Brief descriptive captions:
-----
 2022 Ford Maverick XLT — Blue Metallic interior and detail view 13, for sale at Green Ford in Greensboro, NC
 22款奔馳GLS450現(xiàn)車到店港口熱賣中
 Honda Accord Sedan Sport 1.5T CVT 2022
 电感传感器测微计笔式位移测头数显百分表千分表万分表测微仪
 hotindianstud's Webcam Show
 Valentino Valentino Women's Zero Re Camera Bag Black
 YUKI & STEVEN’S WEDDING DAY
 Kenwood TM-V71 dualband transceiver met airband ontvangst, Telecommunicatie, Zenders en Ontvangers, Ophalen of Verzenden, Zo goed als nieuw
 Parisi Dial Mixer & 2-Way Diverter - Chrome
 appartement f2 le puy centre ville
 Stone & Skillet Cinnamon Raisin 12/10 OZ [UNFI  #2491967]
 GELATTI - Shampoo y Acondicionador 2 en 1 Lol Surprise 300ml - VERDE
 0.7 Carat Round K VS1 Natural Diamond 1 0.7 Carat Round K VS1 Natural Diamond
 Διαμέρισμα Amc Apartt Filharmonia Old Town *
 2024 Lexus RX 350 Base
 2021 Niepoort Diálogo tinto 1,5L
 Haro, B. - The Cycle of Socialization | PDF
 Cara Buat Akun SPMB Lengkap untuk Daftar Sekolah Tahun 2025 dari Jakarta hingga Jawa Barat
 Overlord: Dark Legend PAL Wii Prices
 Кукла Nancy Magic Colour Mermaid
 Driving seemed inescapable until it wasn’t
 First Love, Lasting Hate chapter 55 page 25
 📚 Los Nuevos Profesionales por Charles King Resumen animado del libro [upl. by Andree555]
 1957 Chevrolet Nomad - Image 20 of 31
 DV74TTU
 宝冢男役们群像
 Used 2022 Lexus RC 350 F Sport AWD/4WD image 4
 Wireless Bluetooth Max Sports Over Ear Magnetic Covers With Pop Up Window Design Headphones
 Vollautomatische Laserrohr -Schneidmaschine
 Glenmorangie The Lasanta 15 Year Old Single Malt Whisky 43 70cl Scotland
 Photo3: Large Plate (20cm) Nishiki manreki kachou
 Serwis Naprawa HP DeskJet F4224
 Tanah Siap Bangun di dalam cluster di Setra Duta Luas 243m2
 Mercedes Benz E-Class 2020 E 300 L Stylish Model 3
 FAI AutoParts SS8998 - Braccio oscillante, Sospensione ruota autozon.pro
-----
* TASK DETAILS: Write out all of the records once more, exactly.

* SOLVED PROBLEM:
 2022 Ford Maverick XLT — Blue Metallic interior and detail view 13, for sale at Green Ford in Greensboro, NC
 22款奔馳GLS450現(xiàn)車到店港口熱賣中
 Honda Accord Sedan Sport 1.5T CVT 2022
 电感传感器测微计笔式位移测头数显百分表千分表万分表测微仪
 hotindianstud's Webcam Show
 Valentino Valentino Women's Zero Re Camera Bag Black
 YUKI & STEVEN’S WEDDING DAY
 Kenwood TM-V71 dualband transceiver met airband ontvangst, Telecommunicatie, Zenders en Ontvangers, Ophalen of Verzenden, Zo goed als nieuw
 Parisi Dial Mixer & 2-Way Diverter - Chrome
 appartement f2 le puy centre ville
 Stone & Skillet Cinnamon Raisin 12/10 OZ [UNFI  #2491967]
 GELATTI - Shampoo y Acondicionador 2 en 1 Lol Surprise 300ml - VERDE
 0.7 Carat Round K VS1 Natural Diamond 1 0.7 Carat Round K VS1 Natural Diamond
 Διαμέρισμα Amc Apartt Filharmonia Old Town *
 2024 Lexus RX 350 Base
 2021 Niepoort Diálogo tinto 1,5L
 Haro, B. - The Cycle of Socialization | PDF
 Cara Buat Akun SPMB Lengkap untuk Daftar Sekolah Tahun 2025 dari Jakarta hingga Jawa Barat
 Overlord: Dark Legend PAL Wii Prices
 Кукла Nancy Magic Colour Mermaid
 Driving seemed inescapable until it wasn’t
 First Love, Lasting Hate chapter 55 page 25
 📚 Los Nuevos Profesionales por Charles King Resumen animado del libro [upl. by Andree555]
 1957 Chevrolet Nomad - Image 20 of 31
 DV74TTU
 宝冢男役们群像
 Used 2022 Lexus RC 350 F Sport AWD/4WD image 4
 Wireless Bluetooth Max Sports Over Ear Magnetic Covers With Pop Up Window Design Headphones
 Vollautomatische Laserrohr -Schneidmaschine
 Glenmorangie The Lasanta 15 Year Old Single Malt Whisky 43 70cl Scotland
 Photo3: Large Plate (20cm) Nishiki manreki kachou
 Serwis Naprawa HP DeskJet F4224
 Tanah Siap Bangun di dalam cluster di Setra Duta Luas 243m2
 Mercedes Benz E-Class 2020 E 300 L Stylish Model 3
 FAI AutoParts SS8998 - Braccio oscillante, Sospensione ruota autozon.pro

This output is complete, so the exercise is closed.